**WORK REQUEST:** A faithful copy of the data is the goal; set it down exactly, without the images.

**LISTED ENTRIES:**
--*--

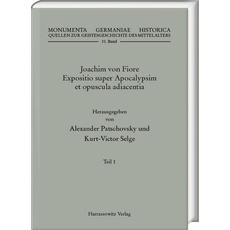 Joachim von Fiore, Expositio super Apocalypsim et opuscula adiacentia. Teil 1: Expositio super Bilibris tritici etc. (Apoc. 6, 6)
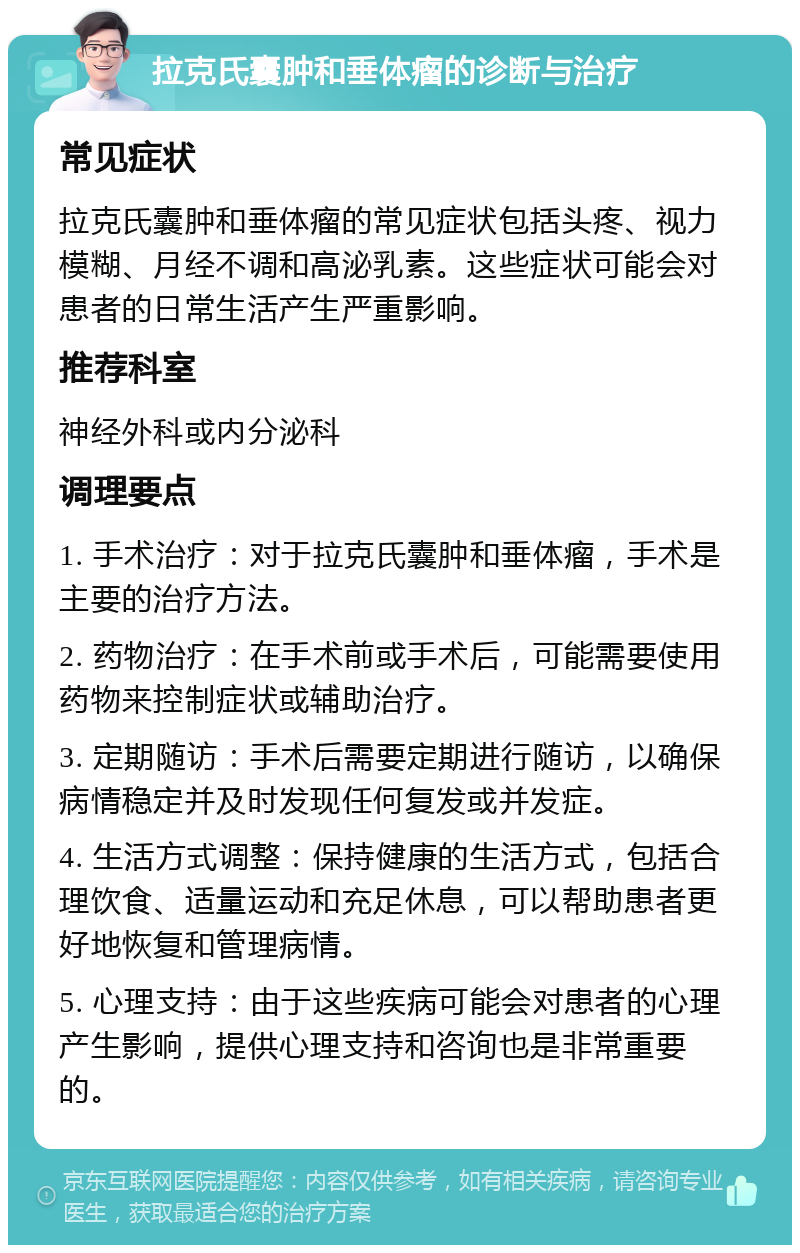 拉克氏囊肿和垂体瘤的诊断与治疗 常见症状 拉克氏囊肿和垂体瘤的常见症状包括头疼、视力模糊、月经不调和高泌乳素。这些症状可能会对患者的日常生活产生严重影响。 推荐科室 神经外科或内分泌科 调理要点 1. 手术治疗：对于拉克氏囊肿和垂体瘤，手术是主要的治疗方法。 2. 药物治疗：在手术前或手术后，可能需要使用药物来控制症状或辅助治疗。 3. 定期随访：手术后需要定期进行随访，以确保病情稳定并及时发现任何复发或并发症。 4. 生活方式调整：保持健康的生活方式，包括合理饮食、适量运动和充足休息，可以帮助患者更好地恢复和管理病情。 5. 心理支持：由于这些疾病可能会对患者的心理产生影响，提供心理支持和咨询也是非常重要的。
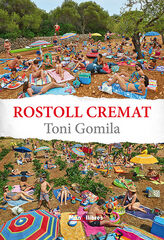 Rostoll cremat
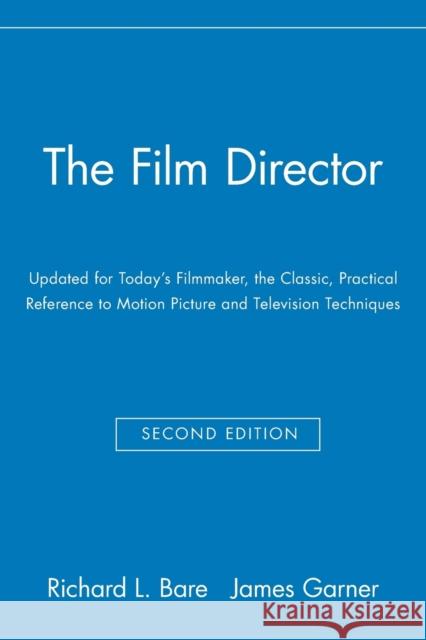 The Film Director: Updated for Today's Filmmaker, the Classic, Practical Reference to Motion Picture and Television Techniques Bare, Richard L. 9780028638195 John Wiley & Sons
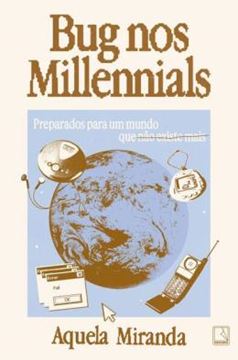 Imagem de BUG NOS MILLENIALS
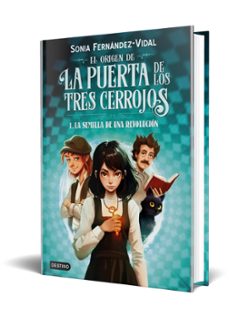 el origen de la puerta de los tres cerrojos 1. la semilla de una revolución-sonia fernandez vidal-9788408294030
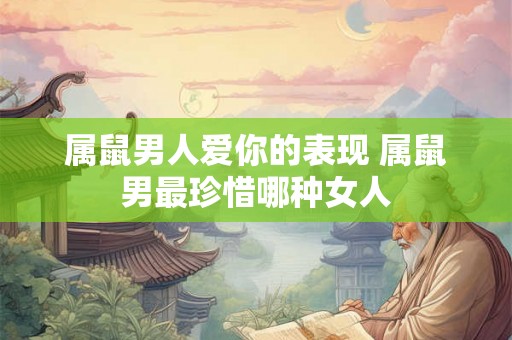 属鼠男人爱你的表现 属鼠男最珍惜哪种女人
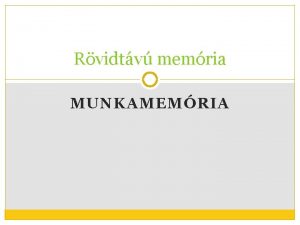 Rvidtv memria MUNKAMEMRIA Mire j a memria Beszlgets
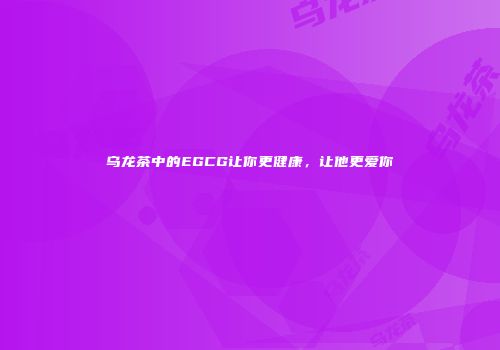 乌龙茶中的EGCG让你更健康，让他更爱你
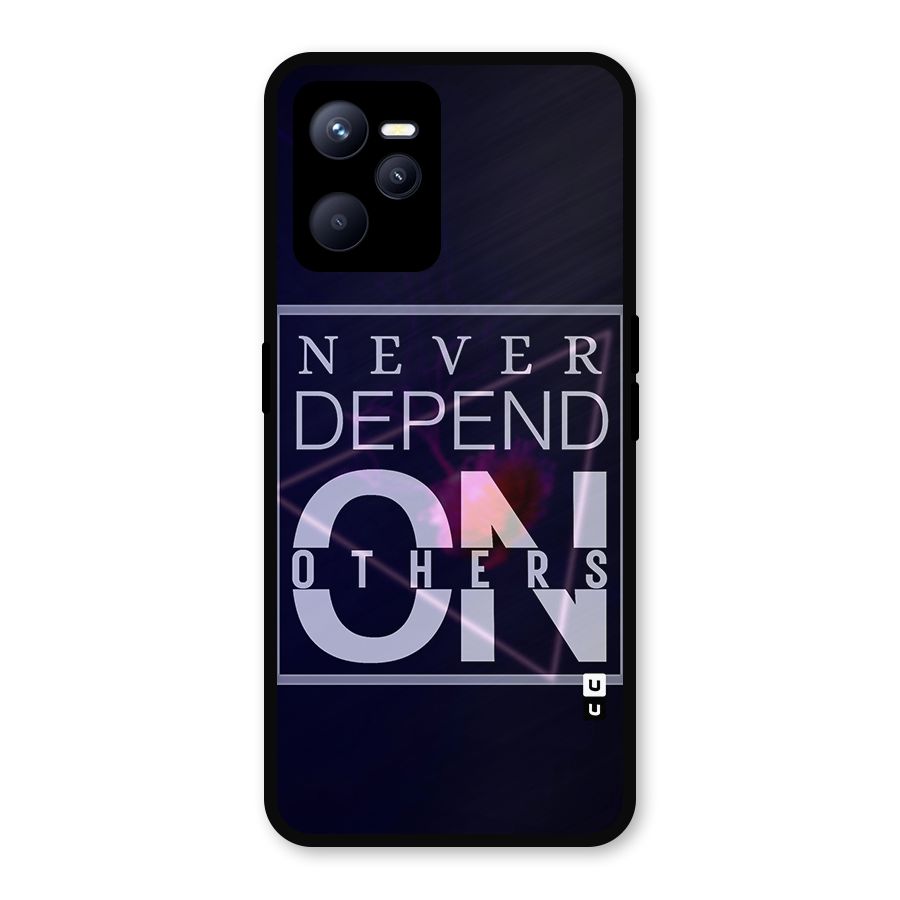 Never Depend On Others Metal Back Case for Realme C35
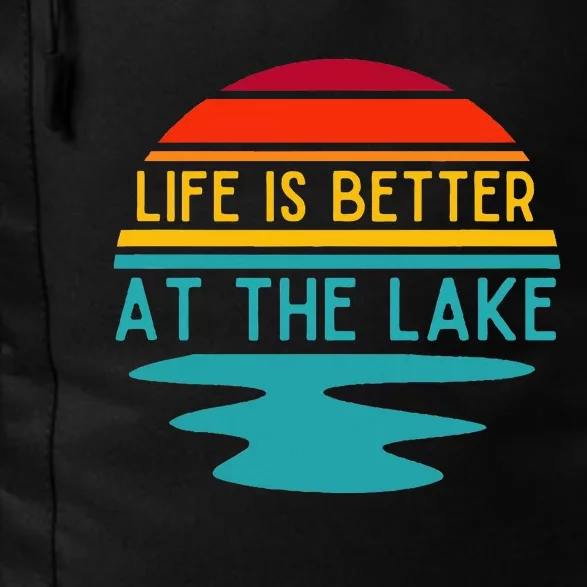 Life Is Better At The Lake Life Bum Lake Lover Pontoon Daily Commute Backpack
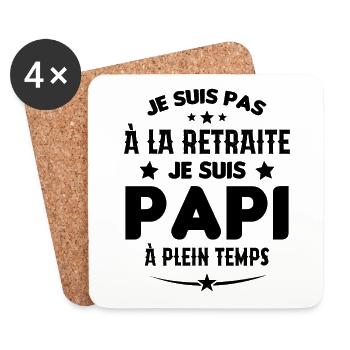 Je Suis Pas À La Retraite chui Papi À Plein Temps - Dessous de verre (lot de 4) - blanc - Devant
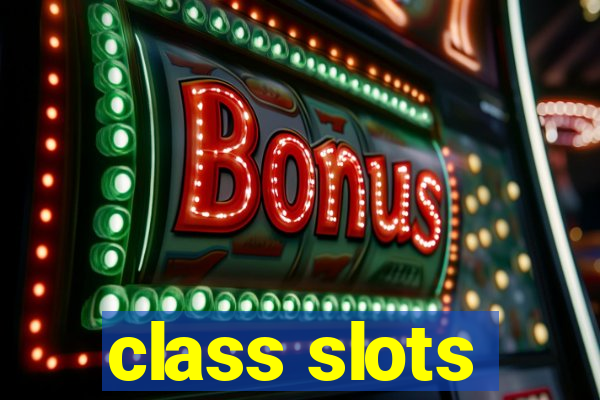 class slots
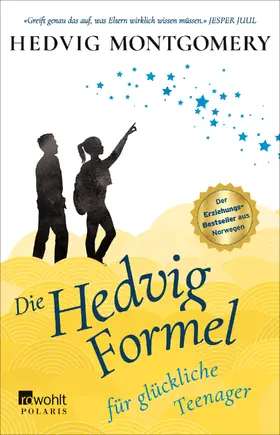 Montgomery |  Die Hedvig-Formel für glückliche Teenager | Buch |  Sack Fachmedien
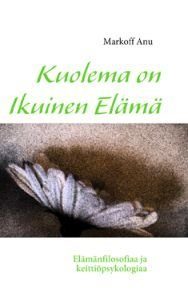 Kuolema on Ikuinen Elämä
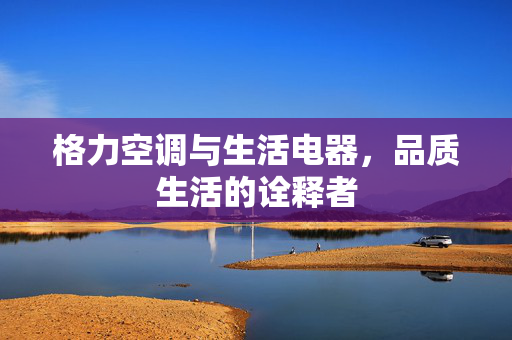 格力空调与生活电器，品质生活的诠释者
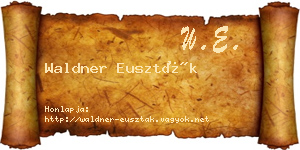 Waldner Euszták névjegykártya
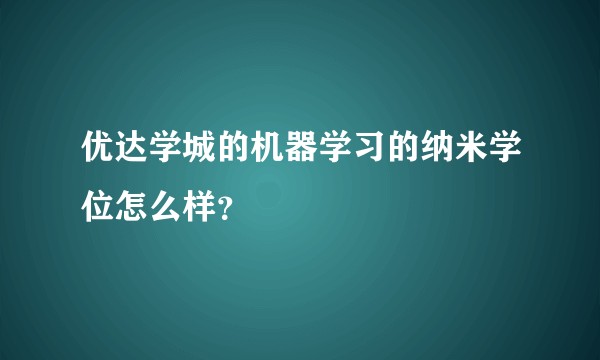 优达学城的机器学习的纳米学位怎么样？
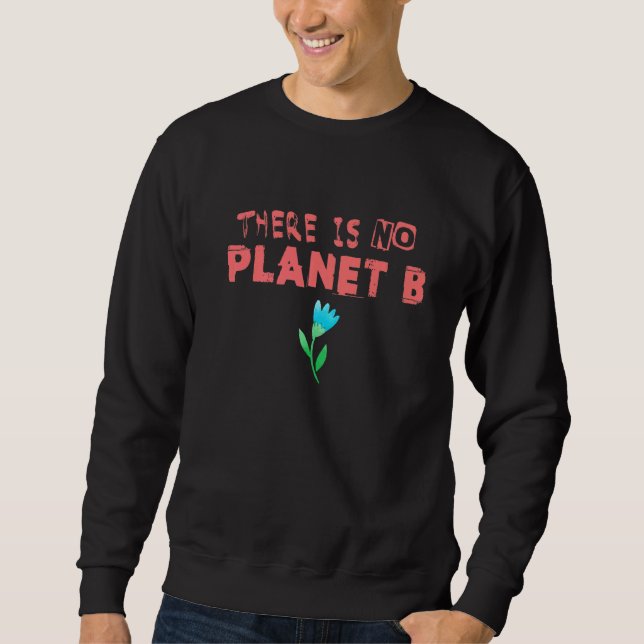 Climate Change Statement There Is No Planet B  17 Sweatshirt (Front)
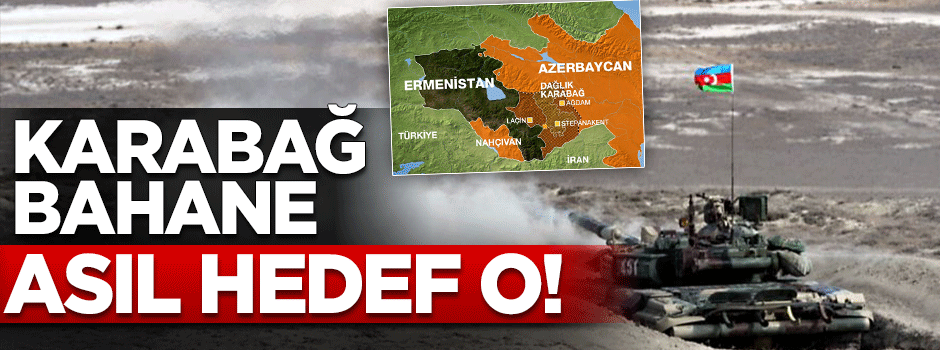 Karabağ bahane hedefleri TANAP!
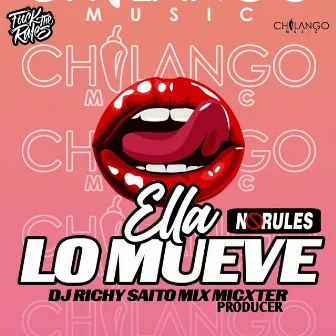 Ella Lo Mueve (Norules) by Saito Mix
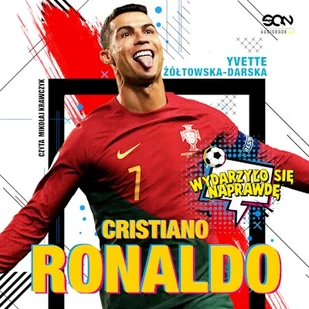 Cristiano Ronaldo. Chłopiec, który wiedział, czego chce Yvette Żółtowska-Darska - Audiobooki - biografie - miniaturka - grafika 1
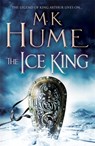 The Ice King (Twilight of the Celts Book III) - M. K. Hume - 9781472215734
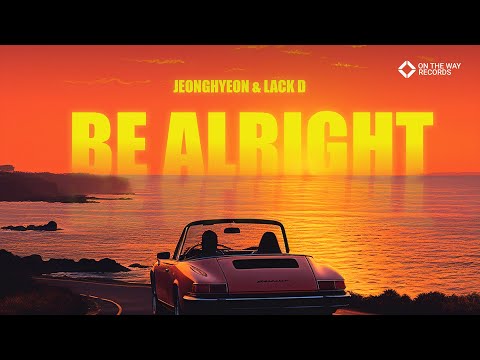 jeonghyeon & Lack D - Be Alright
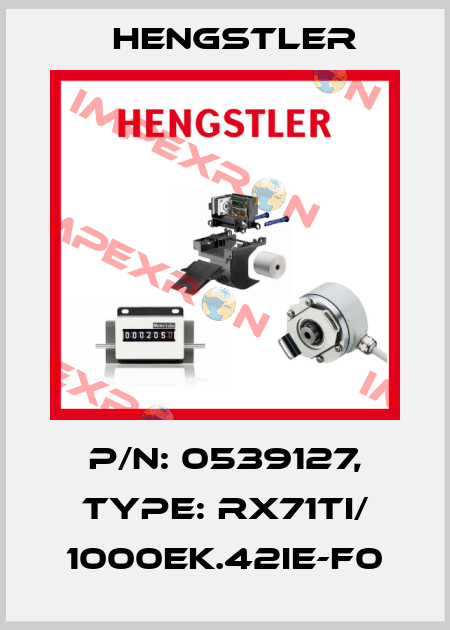 p/n: 0539127, Type: RX71TI/ 1000EK.42IE-F0 Hengstler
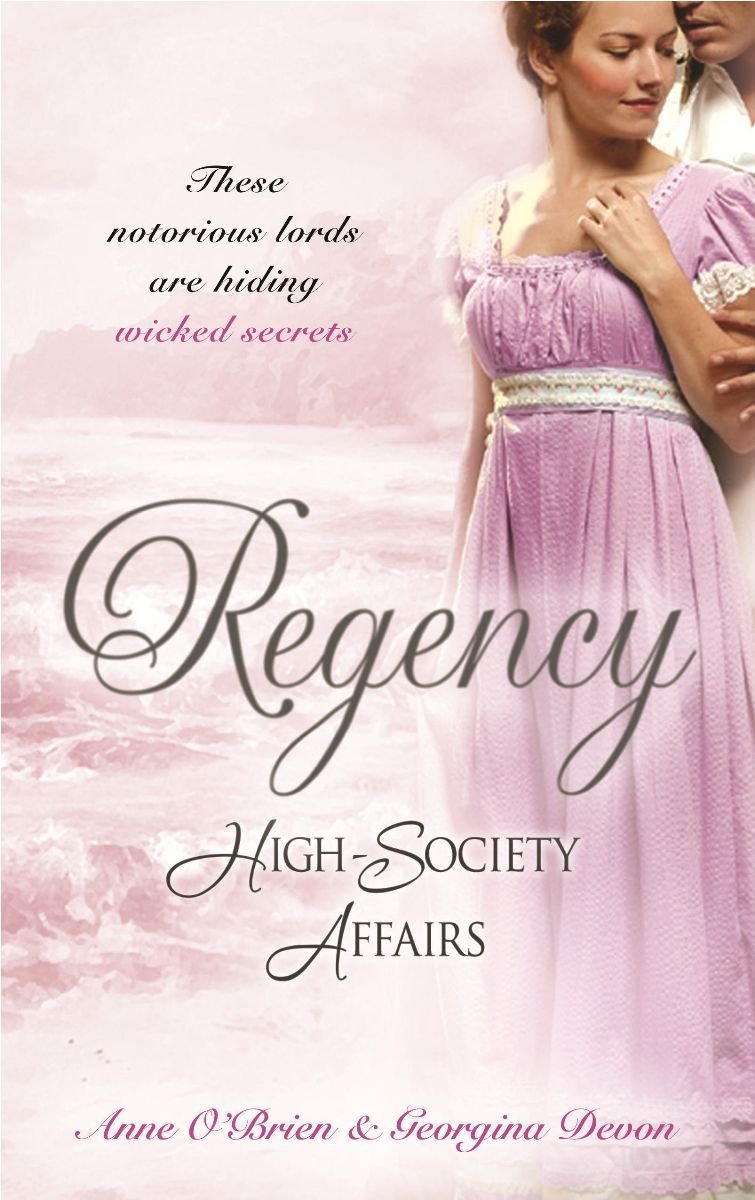 Regency High-Society Affairs Vol 11: The Enigmatic Rake / the Lord and the Mystery Lady Contemporary Romance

--*--

**ANSWER BELOW:**
 Joachim von Fiore, Expositio super Apocalypsim et opuscula adiacentia. Teil 1: Expositio super Bilibris tritici etc. (Apoc. 6, 6)
 拉克氏囊肿和垂体瘤的诊断与治疗 常见症状 拉克氏囊肿和垂体瘤的常见症状包括头疼、视力模糊、月经不调和高泌乳素。这些症状可能会对患者的日常生活产生严重影响。 推荐科室 神经外科或内分泌科 调理要点 1. 手术治疗：对于拉克氏囊肿和垂体瘤，手术是主要的治疗方法。 2. 药物治疗：在手术前或手术后，可能需要使用药物来控制症状或辅助治疗。 3. 定期随访：手术后需要定期进行随访，以确保病情稳定并及时发现任何复发或并发症。 4. 生活方式调整：保持健康的生活方式，包括合理饮食、适量运动和充足休息，可以帮助患者更好地恢复和管理病情。 5. 心理支持：由于这些疾病可能会对患者的心理产生影响，提供心理支持和咨询也是非常重要的。
 Rostoll cremat
 The Film Director: Updated for Today's Filmmaker, the Classic, Practical Reference to Motion Picture and Television Techniques Bare, Richard L. 9780028638195 John Wiley & Sons
 Imagem de BUG NOS MILLENIALS
 el origen de la puerta de los tres cerrojos 1. la semilla de una revolución-sonia fernandez vidal-9788408294030
 属鼠男人爱你的表现 属鼠男最珍惜哪种女人
 Rvidtv memria MUNKAMEMRIA Mire j a memria Beszlgets
 乌龙茶中的EGCG让你更健康，让他更爱你
 Never Depend On Others Metal Back Case for Realme C35
 Life Is Better At The Lake Life Bum Lake Lover Pontoon Daily Commute Backpack
 Je Suis Pas À La Retraite chui Papi À Plein Temps - Dessous de verre (lot de 4) - blanc - Devant
 class slots
 Montgomery |  Die Hedvig-Formel für glückliche Teenager | Buch |  Sack Fachmedien
 Kuolema on Ikuinen Elämä
 格力空调与生活电器，品质生活的诠释者
 Waldner Euszták névjegykártya
 优达学城的机器学习的纳米学位怎么样？
 Climate Change Statement There Is No Planet B  17 Sweatshirt (Front)
 Karabağ bahane hedefleri TANAP!
 Ella Lo Mueve (Norules) by Saito Mix
 Cristiano Ronaldo. Chłopiec, który wiedział, czego chce Yvette Żółtowska-Darska - Audiobooki - biografie - miniaturka - grafika 1
 The Ice King (Twilight of the Celts Book III) - M. K. Hume - 9781472215734
 jeonghyeon & Lack D - Be Alright
 p/n: 0539127, Type: RX71TI/ 1000EK.42IE-F0 Hengstler
 Regency High-Society Affairs Vol 11: The Enigmatic Rake / the Lord and the Mystery Lady Contemporary Romance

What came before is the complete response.